The appearance doesn’t skeeve me at all; after all, I grew up with this sort of stuff. But be forewarned if photos may be problematic for you to view — I’ll try to put the most visual of them towards the end of this post. Note though: a lot of this stuff (beef or pork-wise) is already in the hot dogs you may be purchasing and gnoshing down. (There are a lot worse things in most hot dogs and commercial sausage than offal…)
There are a lot of different seasoning profiles you can do. Another thought is to use a Moroccan ras al hanout rub, or an African harissa spicing, or to bring in Indian curry flavors. Rosemary marries well with lamb, no matter what part you are cooking. I do like making sure that the brains are marinating in some type of acidic ingredients, which is why I like lemon in any case. (And another good reason to have the butcher give you halves of heads.) While portions of the head are a bit on the fatty side, especially the brains, the forehead and cheek meat is markedly less so.
This head is harder to eat than the pig head – less meat and more bone ratio. I wouldn’t serve it for an elegant dining experience, as you have to crack into the head to get much of the meat.
PS: before you decide to stop following this blog based on these two recipes, there won’t be any more head recipes this year. I won’t guarantee about other offal, but yep, the only head recipes for 2020 are posted today. I’ll note that since I do eat meat, I don’t want parts of the animal to go to waste just so I can eat the “prime” parts. Besides, this is really good…
Cooked early March, 2020.
Prep Time: 10 minutes.
Cook Time: 2 hours.
Rest Time: 10-15 minutes.
Cuisine: European/American offal.
Leftovers: Yes. And save bones for stock. I wouldn’t microwave leftovers due to the large amount of bone.
Roasted Lamb’s Head
- 1/2 a lamb’s head – get your butcher or supplier to cut it in half. Thaw it in the fridge.

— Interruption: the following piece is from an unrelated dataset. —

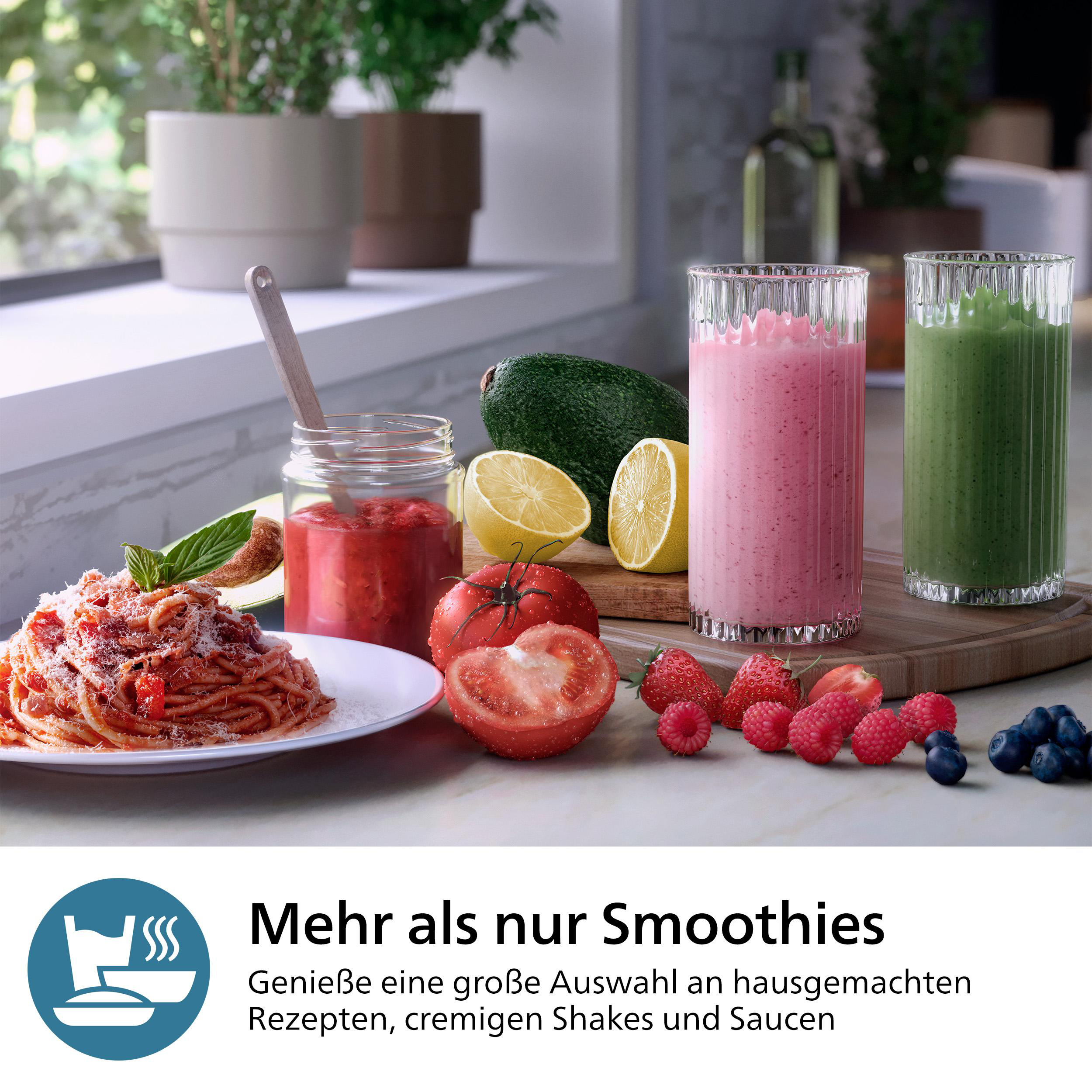 Ein Tisch mit Spaghetti, Smoothies, Obst und Gemüse. Enthält Tomaten, Avocado, Zitronen, Himbeeren und Blaubeeren.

- 1 tablespoon low sodium, gluten-free tamari, or use coconut aminos for Paleo eating or for soy allergies/intolerance.
- 1 tablespoon ginger/garlic paste, divided.
- 1 tablespoon capers, rinsed.
- Juice of 1/2 lemon, divided
- 1/8th teaspoon ground pepper
- 1/8th teaspoon salt, I choose sea salt.
Pre-heat the oven to 350 F.
Remove and reserve the brains. Should you choose, discard the brains, but I did use them. Rinse the head and pat it dry. Should you choose, remove the eye and discard. This I did, although I found it easier to remove the eye AFTER roasting. Marinate the brains with half the lemon juice, one teaspoon of the garlic/ginger paste, a dusting of salt, and the capers while the rest of the head roasts, in the fridge.
Season the outer side of the head with the seasonings listed above, 2 teaspoons (or so) of the ginger/garlic paste, 1/4 of juice of a lemon, and all the tamari, salt and pepper. The rest is reserved for the brains, should you decide to include them. If the brains provide too much of a squee factor, you certainly can discard them!
Roast uncovered in a preheated oven at 350 F degrees. Outside facing up.
Roast 1.5 hours.
Pull head out of oven, and return seasoned brains to the brain cavity, and the head back to the oven. Inside facing up (or the brains will fall out…)
Continue roasting until done, another 20-25 minutes, the meat should look roasted, and should be fork-tender. Test, eat. (Lambs do come in different sizes, which will affect cooking time.)
I know this may be a hard thing for some of my readership to appreciate, but if you’ve gotten this far… Enjoy!
Next week: I promise, a vegetarian recipe!!! (But if you do eat meat, consider the whole animal, in some form or another. It does not have to be this form…)
This recipe is brought to you by the Rolling Stones: Goat’s Head Soup. (Which I have not tried, but I figure it should be similar, but less fatty.)
Linked up at:
Full Plate Thursday.
Fiesta Friday (co-host Mollie @ Frugal Hausfrau).
What’s for Dinner: Sunday Link-Up.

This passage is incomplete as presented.